» **Exercise requirements**:
Print each record below precisely, with every picture left out of the copy.

» **Data for this exercise**:

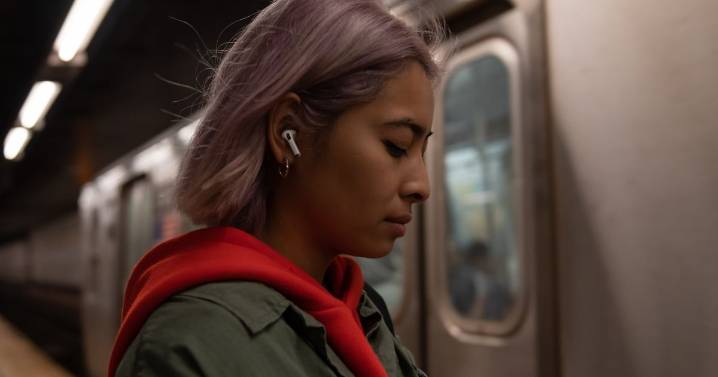 Transport minister issues statement on use of headphones while driving and cycling
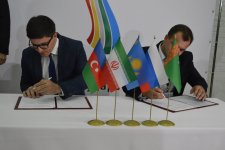 Ряд российских СМИ подписал соглашения о сотрудничестве с АМИ Trend (ФОТО)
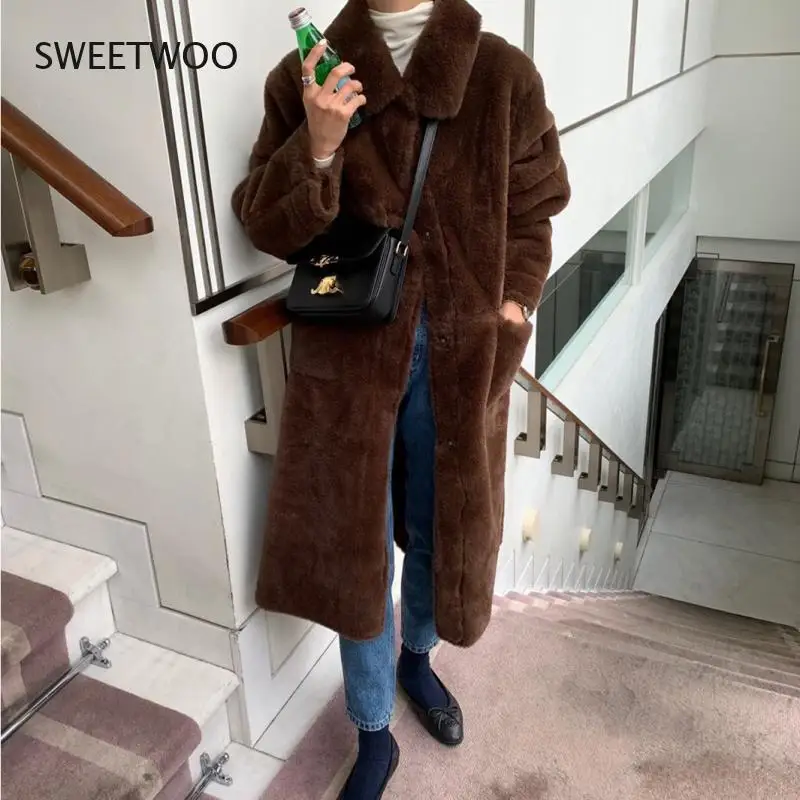 Strip Sewed Toghter Winter Woman Jacket High Street Faux Fur Coats and Jackets Winter Coat Women Elegant Fashion Temperament
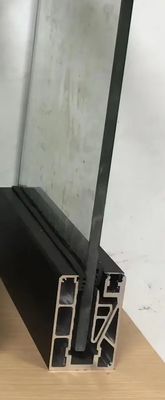 Otros materiales de bandejas de aluminio en forma de U para barandillas de vidrio y barandillas de balcón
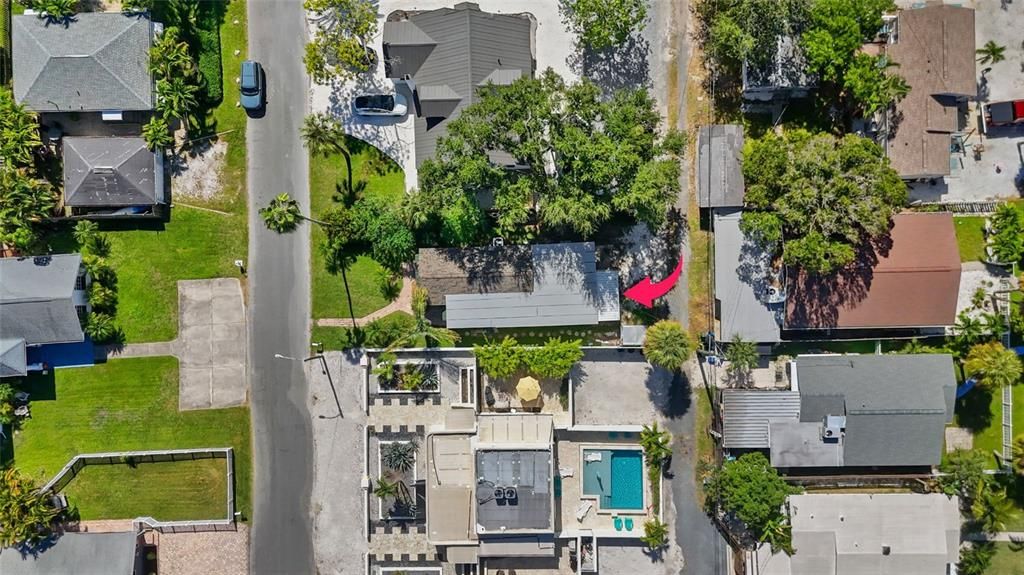 Active With Contract: $385,000 (2 beds, 2 baths, 1030 Square Feet)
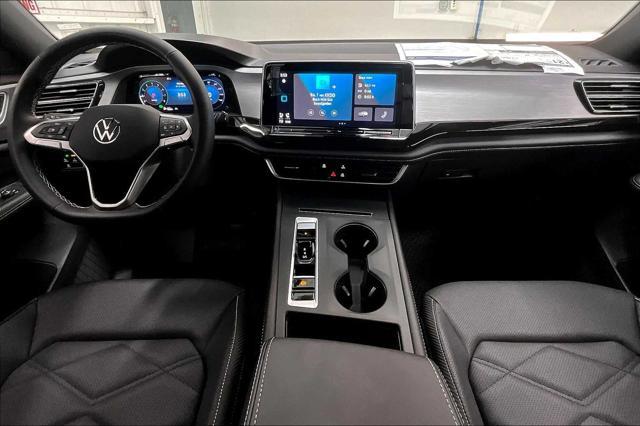 new 2025 Volkswagen Atlas Cross Sport car, priced at $40,811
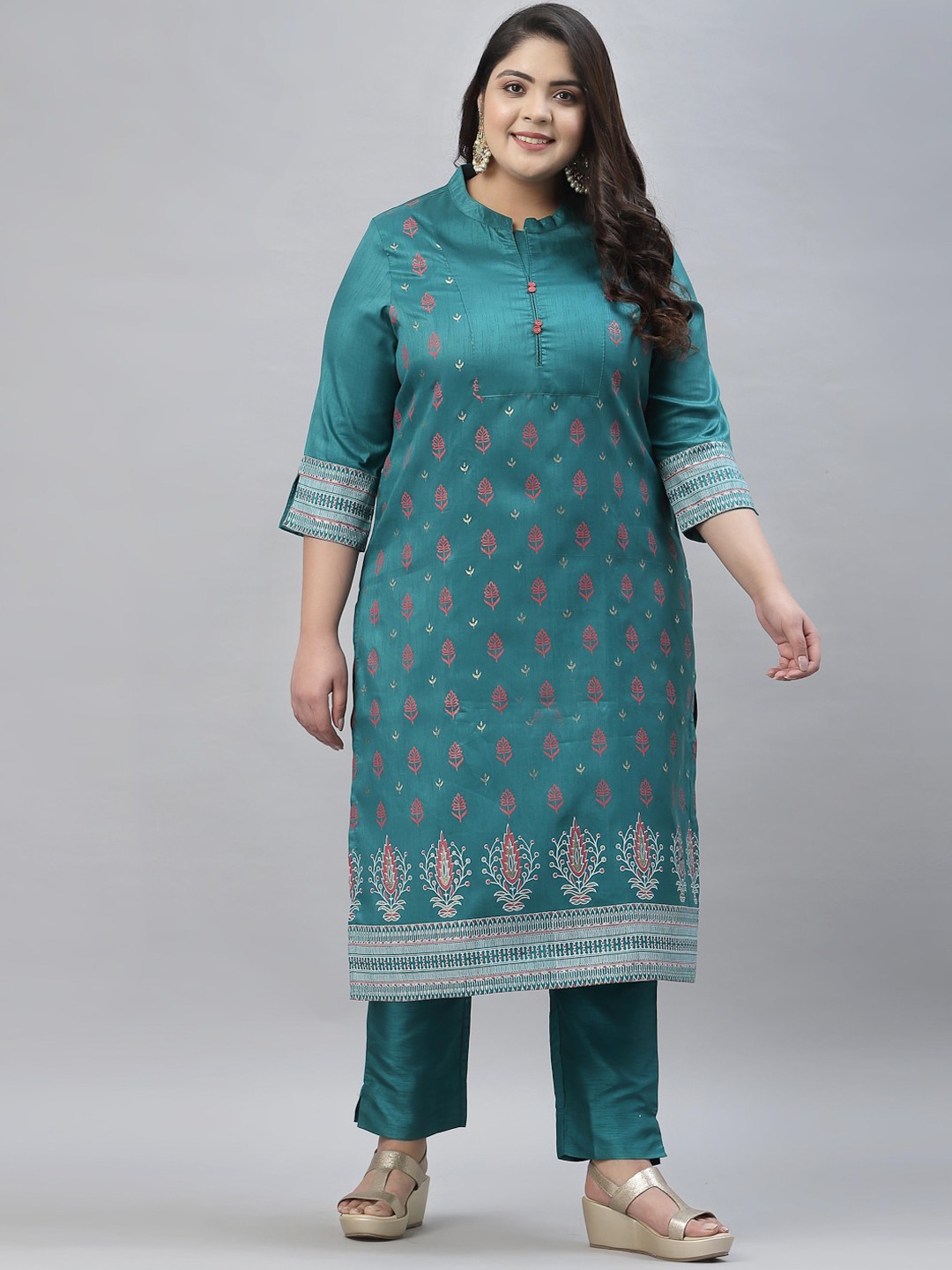 

Sztori Plus Size Floral Foil Printed Mandarin Collar Straight Kurta with Trousers, Green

» **Your solution**:
 Transport minister issues statement on use of headphones while driving and cycling
 Ряд российских СМИ подписал соглашения о сотрудничестве с АМИ Trend (ФОТО)
 Strip Sewed Toghter Winter Woman Jacket High Street Faux Fur Coats and Jackets Winter Coat Women Elegant Fashion Temperament
 Otros materiales de bandejas de aluminio en forma de U para barandillas de vidrio y barandillas de balcón
 Active With Contract: $385,000 (2 beds, 2 baths, 1030 Square Feet)
 new 2025 Volkswagen Atlas Cross Sport car, priced at $40,811

Sztori Plus Size Floral Foil Printed Mandarin Collar Straight Kurta with Trousers, Green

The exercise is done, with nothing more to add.